Required work — The copy must hold exactly the lines from the one with "Entraygues-sur-Truyère - Arrivée" through the end of the listing below, and nothing else, with no pictures.

BEGIN

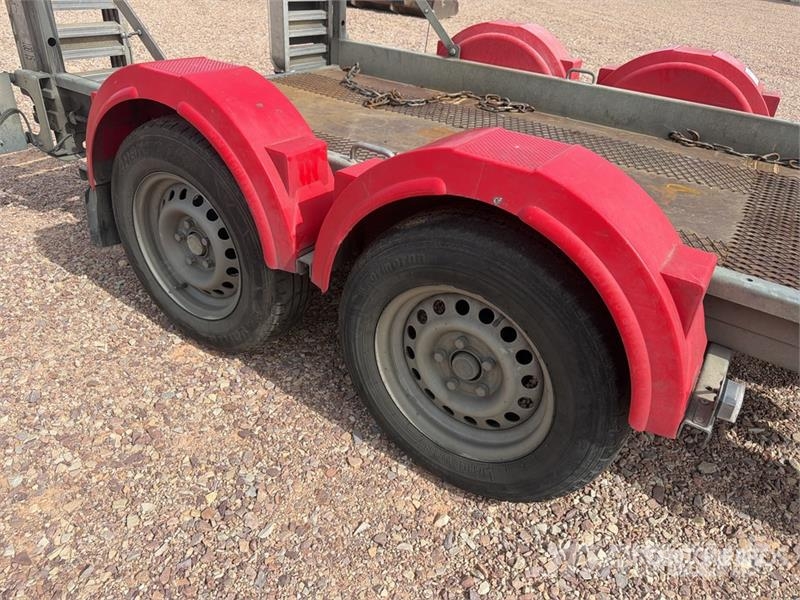Hubiere H212L14CF 2000 kg T/A Remorque Equipment Trailer Remorque porte engin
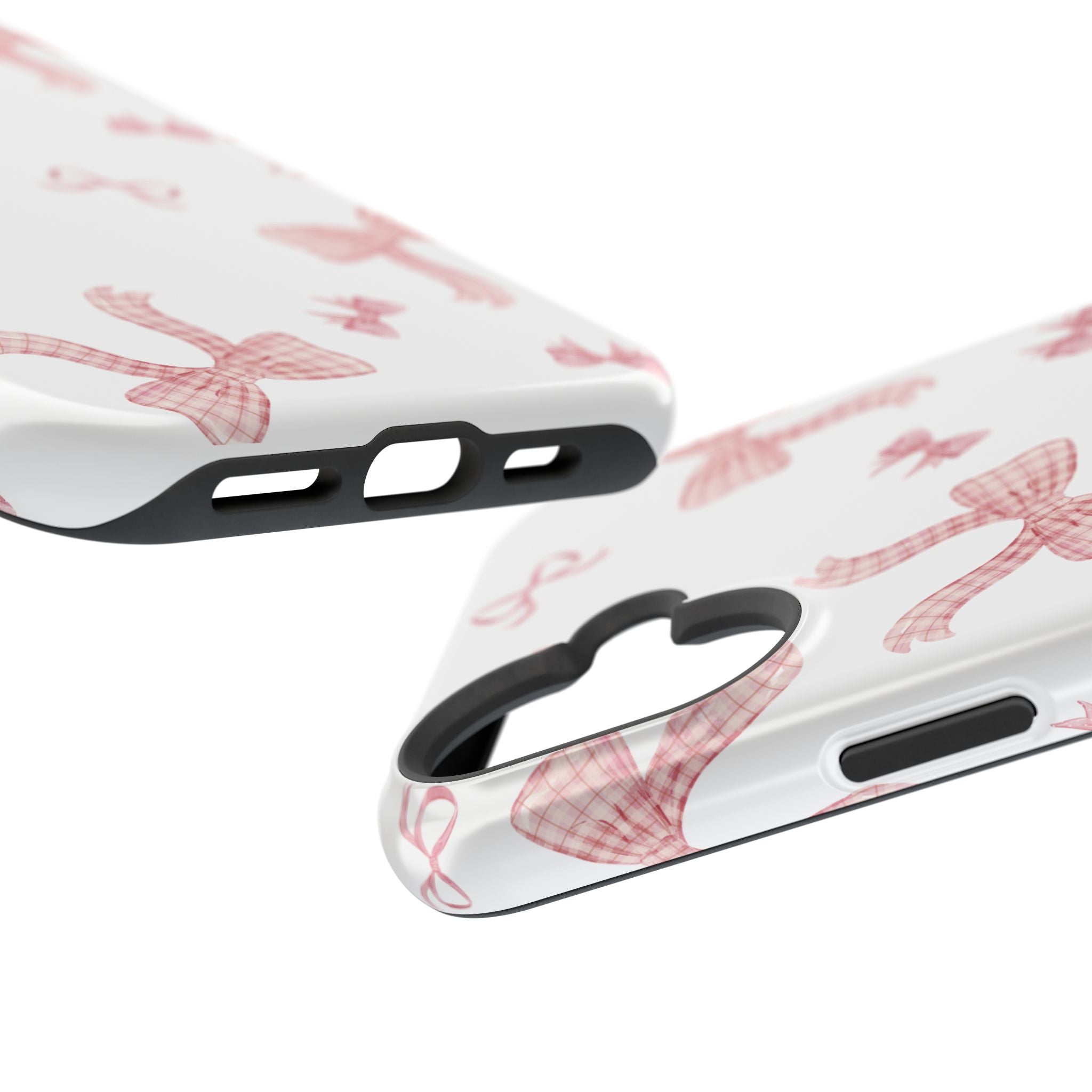 Customizable: Gingham Chic Bow Pattern Phone Case
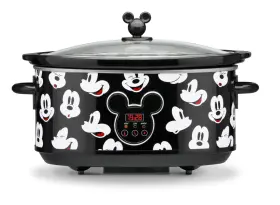 Babycakes 655772019479 Disney Mickey Mouse 7-quart Digital Slow Cooker With Sound - Food Warmer For
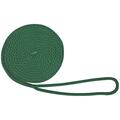 Shandong Santong Rope 3-8X15 FRST GREEN SB 0.38 in. x 15 ft. Boat Tector Solid Braid MFP Dock Line - Forest Green 3006.2332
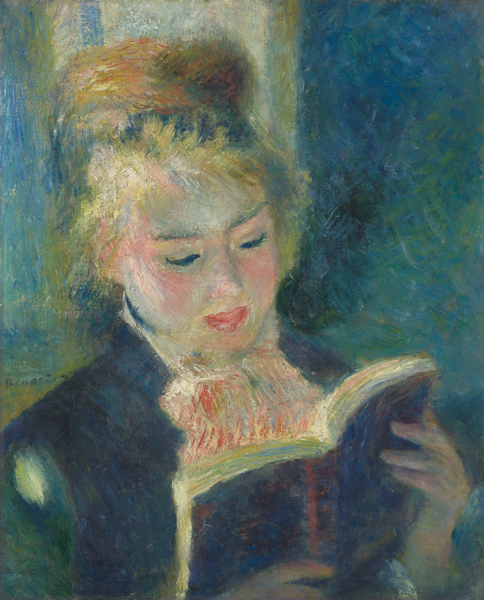 読書する少女　1874-1876年、油彩／カンヴァス、オルセー美術館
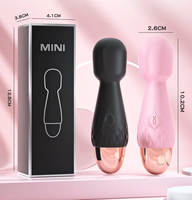 Taschen-Massagegerät Mini AV Magic Wand 10 Modi Leistungsstarker Vibrator Erwachsenen-Sexspielzeug Frauen Klitoris G-Punkt Stimulator Weiblicher Masturbator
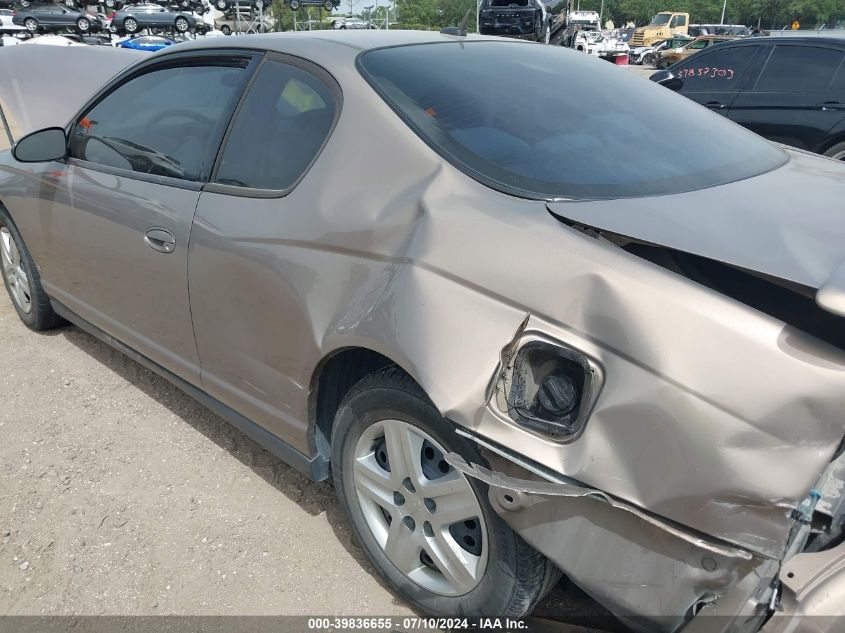 2006 Chevrolet Monte Carlo Ls VIN: 2G1WJ15K269240391 Lot: 39836655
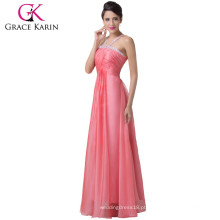 Grace Karin New Arrivals Chiffon Pink Long Sequins Prom Dress 2016 CL6199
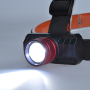 Solight LED čelové nabíjacie svietidlo, 3W, 150lm, zoom, Li-ion, USB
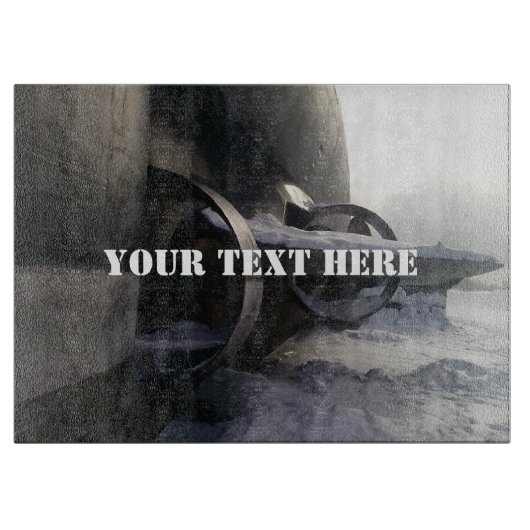 古い潜水艦 カッティングボード (正面)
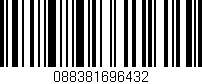 Código de barras (EAN, GTIN, SKU, ISBN): '088381696432'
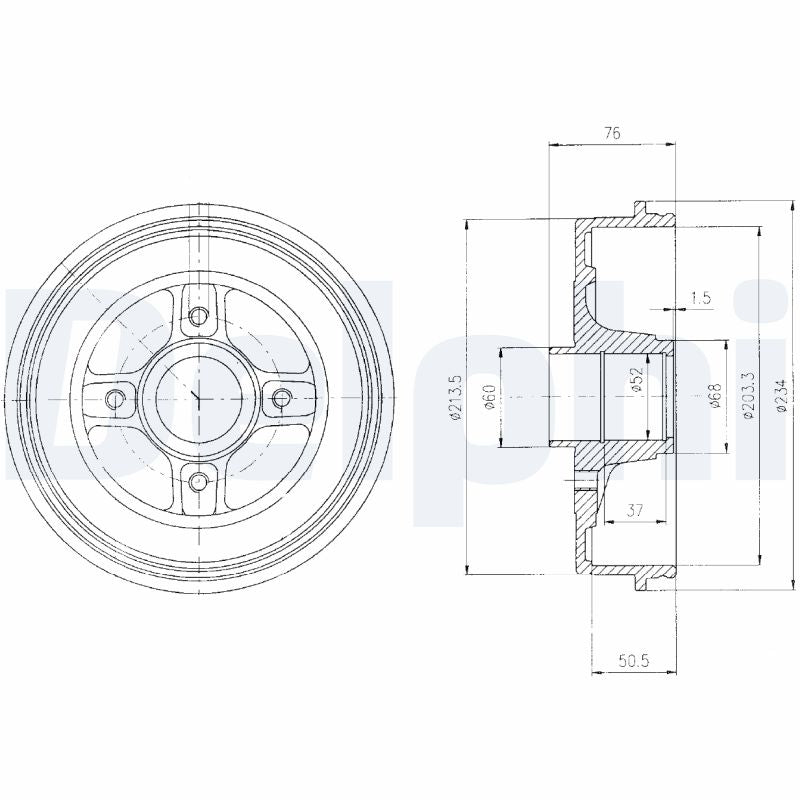 Tambur frana DELPHI BF427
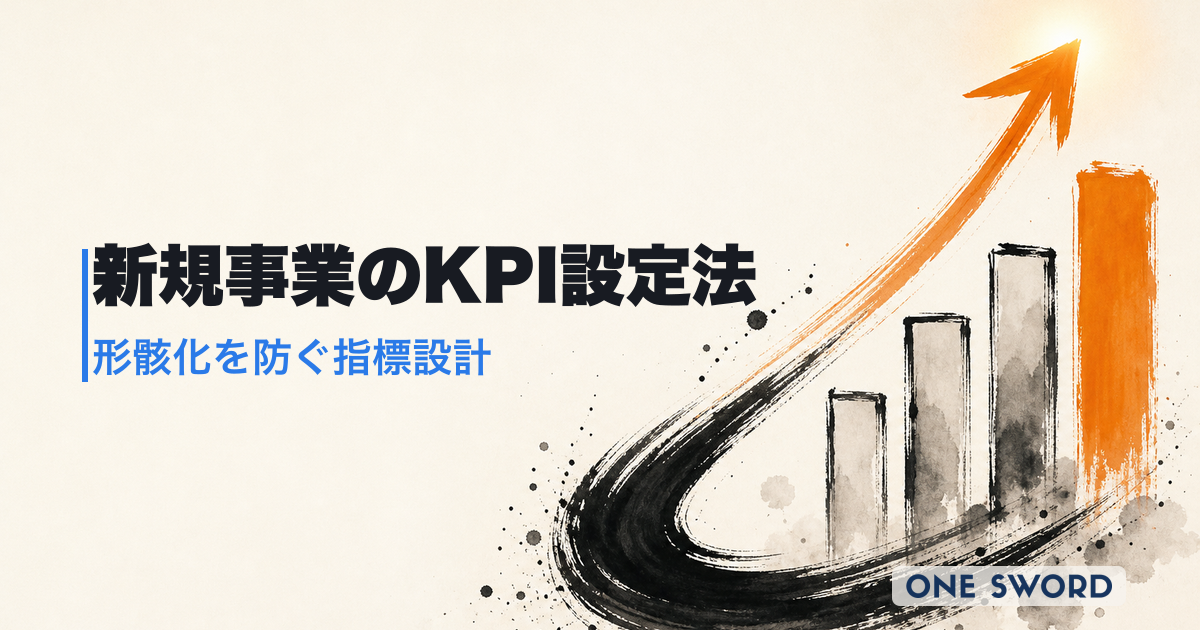 新規事業のKPI設定方法｜フェーズ別指標設計と「KPIが形骸化する3つの構造的原因」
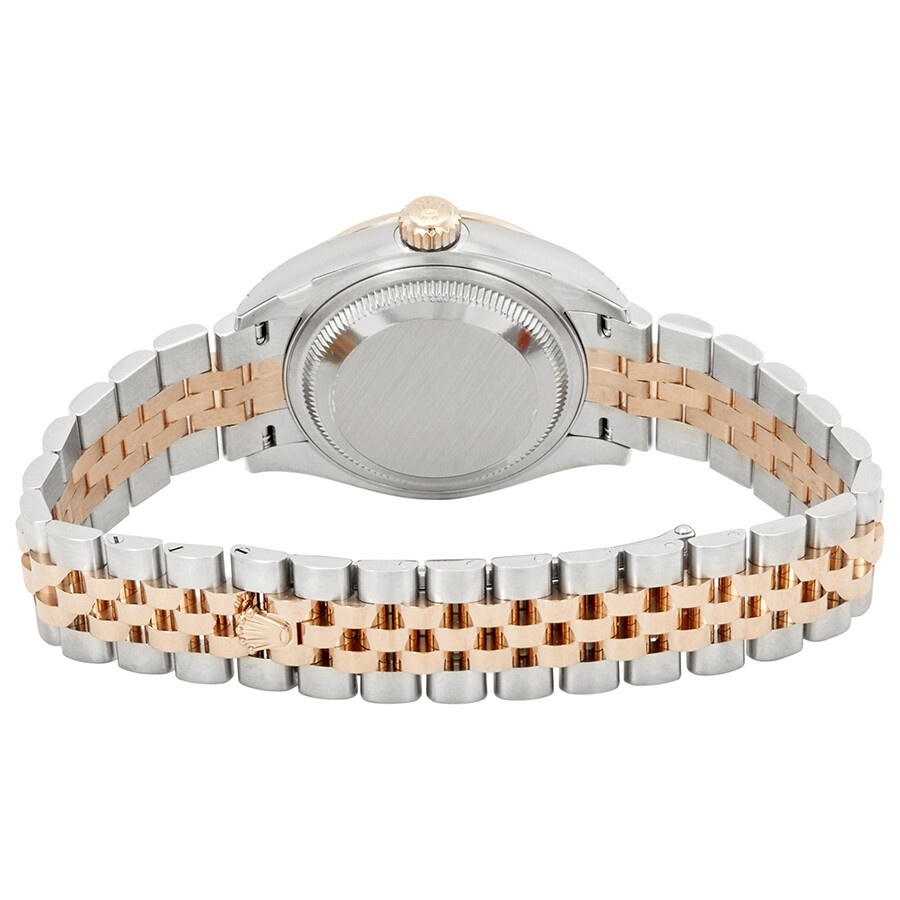 Rolex Lady Datejust Mother of Pearl Steel and 18K Everose Gold Diamond Jubilee Watch 279381MDJ - 3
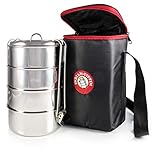 4-Tier Insulated Tiffin with Thermally Insulated Bag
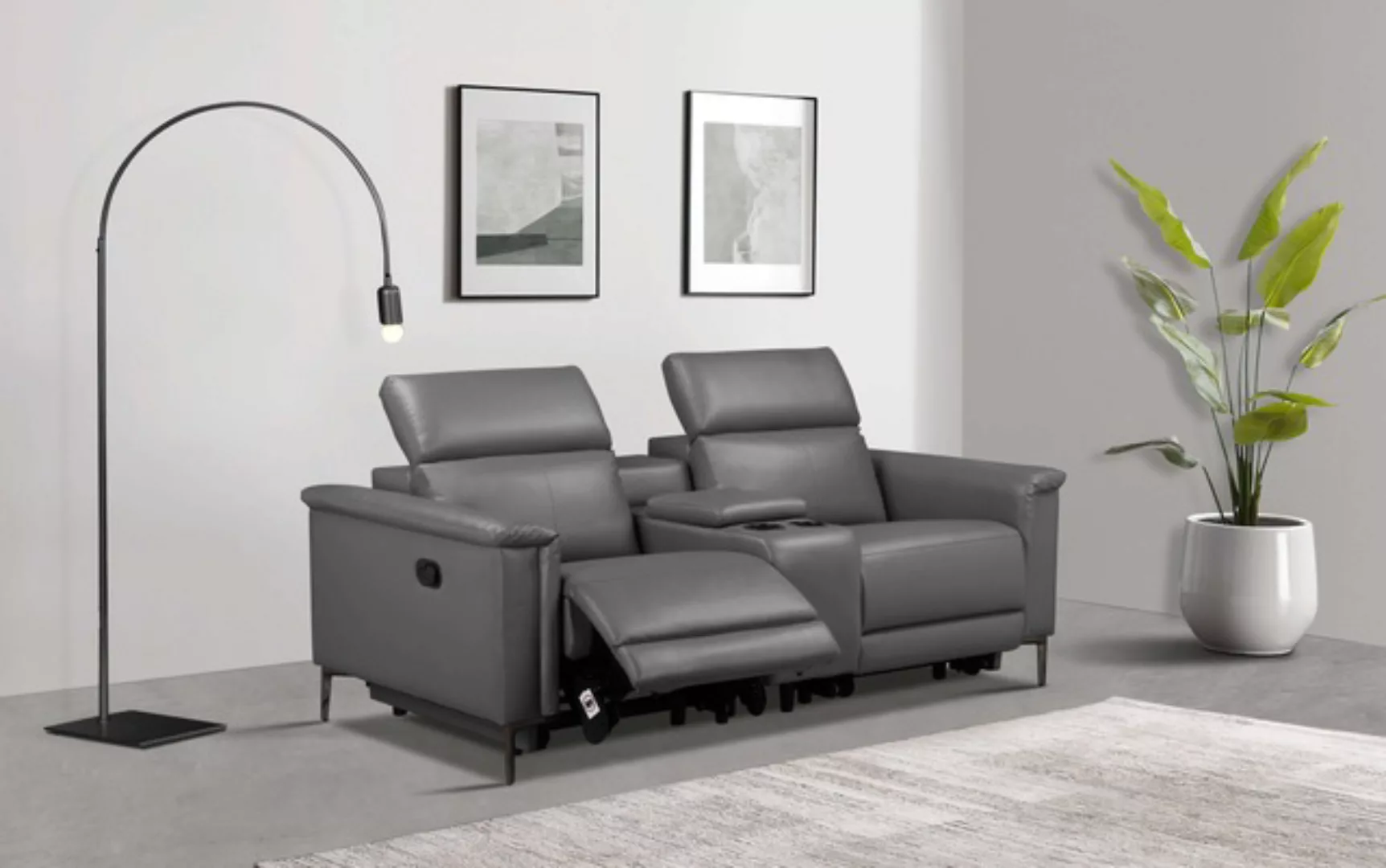 Places of Style 2-Sitzer »Lund, 2er-Kinosofa, TV-Sessel, Multimedia-Sofa,«, günstig online kaufen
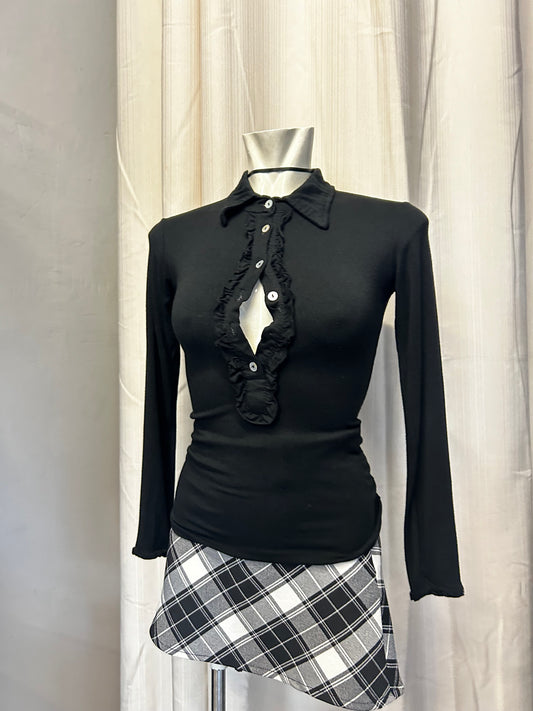 Black elastic top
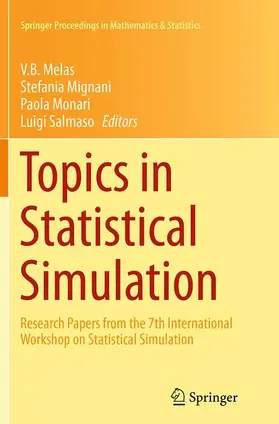 Melas / Salmaso / Mignani |  Topics in Statistical Simulation | Buch |  Sack Fachmedien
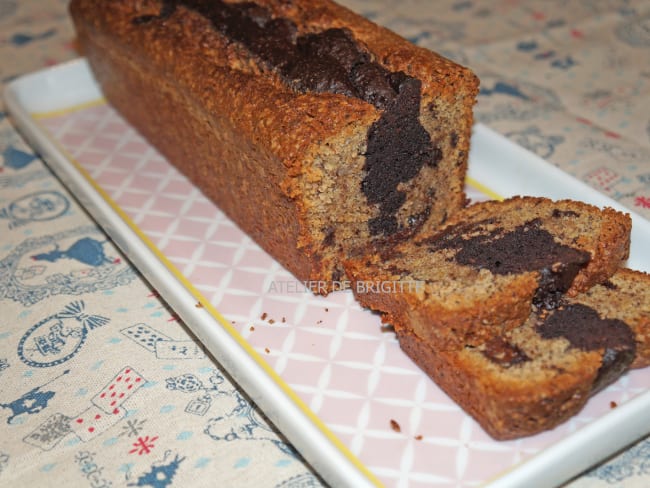 Cake marbré noisetine et chocolat de Philippe Conticini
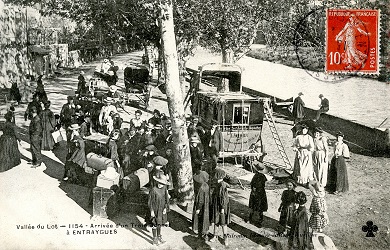 Entraygues-sur-Truyère - Arrivée d'un train Bonne en 1912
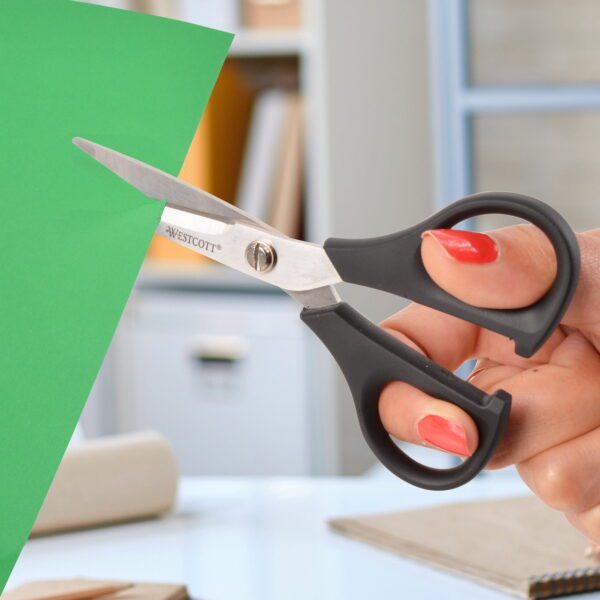 Multipurpose Scissors, All Purpose Plus+, 5", Stainless Steel, Straight, Black, for Office, 1-Count - Image 7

END

Finished exercise —
 Entraygues-sur-Truyère - Arrivée d'un train Bonne en 1912
 Multipurpose Scissors, All Purpose Plus+, 5", Stainless Steel, Straight, Black, for Office, 1-Count - Image 7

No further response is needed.